Yesterday evening, Ryan, a young man I met about a year ago stopped by my place to help me with a computer problem. Both of us being tired just sat there after he fixed the problem and talked. We talked about my belief in Christ. Ryan told me that he had heard a young man on the radio say just what he was thinking. “Why would Jesus need to die for me. Why isn’t my saying I’m sorry enough?” As I groped for an answer. I thought of Ryan’s two-year old son whom we had just been discussing.
I then hypothesized, “Suppose your son was grown and he looked you in the eye and told you he was going to betray his country and nothing you could say would stop him. Then suppose the result of the betrayal was that a million people including everyone you love died an agonizing death.

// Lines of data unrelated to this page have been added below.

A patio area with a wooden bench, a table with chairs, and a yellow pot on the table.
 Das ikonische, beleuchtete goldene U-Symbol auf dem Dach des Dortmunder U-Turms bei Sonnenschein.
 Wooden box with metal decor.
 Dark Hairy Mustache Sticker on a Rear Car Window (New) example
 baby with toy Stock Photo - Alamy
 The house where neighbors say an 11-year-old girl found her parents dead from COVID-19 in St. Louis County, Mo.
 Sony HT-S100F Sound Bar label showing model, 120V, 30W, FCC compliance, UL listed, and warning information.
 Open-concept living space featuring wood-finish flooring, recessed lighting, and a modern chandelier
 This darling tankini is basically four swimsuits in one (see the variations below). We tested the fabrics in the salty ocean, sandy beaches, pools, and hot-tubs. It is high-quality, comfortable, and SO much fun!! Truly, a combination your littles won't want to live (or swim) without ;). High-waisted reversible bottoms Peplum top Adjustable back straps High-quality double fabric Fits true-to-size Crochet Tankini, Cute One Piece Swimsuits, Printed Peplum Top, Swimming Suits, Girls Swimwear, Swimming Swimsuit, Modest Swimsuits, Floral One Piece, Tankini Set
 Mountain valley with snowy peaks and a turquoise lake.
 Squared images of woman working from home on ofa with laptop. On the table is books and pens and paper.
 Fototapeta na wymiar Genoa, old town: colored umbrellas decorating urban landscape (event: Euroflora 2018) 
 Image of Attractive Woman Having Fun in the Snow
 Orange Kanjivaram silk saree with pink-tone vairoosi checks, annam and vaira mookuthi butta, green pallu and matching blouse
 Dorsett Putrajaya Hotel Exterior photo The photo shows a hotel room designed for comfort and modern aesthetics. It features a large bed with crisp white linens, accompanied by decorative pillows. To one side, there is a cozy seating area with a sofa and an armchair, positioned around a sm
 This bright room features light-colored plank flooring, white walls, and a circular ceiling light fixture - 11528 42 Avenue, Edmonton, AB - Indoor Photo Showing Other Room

How could your son ever get right with you again? The size of what he had done would be insurmountable. You would want to forgive him but could you when things weren’t set right. Yet how could your son ever set it right? No matter how repentant he was. No matter how much you loved him. The enormity of the betrayal would still be there. All those people would still be dead.”
We then talked about the meaning of going against the infinite God and how we choose to do it every day. I explained that even a small offence against God is infinite not because of our nature but because of the nature of the one we are offending. While in my example the son’s offence was not infinite the consequences of the sin were so large that no human could deal with it. I then said that because God is infinitely good the smallest offence against his will is infinite. We simply are not able on our own to cross the breach between us and God.
That is why our gracious God gave us his Son to breach that gap. The whole Old Testament is a foreshadowing of the sacrifice of the One who finally made mankind right with his creator. Only the death of God himself could pay the price of our sin.
Ryan said that for the first time he understood why Jesus was crucified. He said he wanted to talk about the resurrection next. God help me! After he left I sat there and wondered about the inadequacy of my explanation.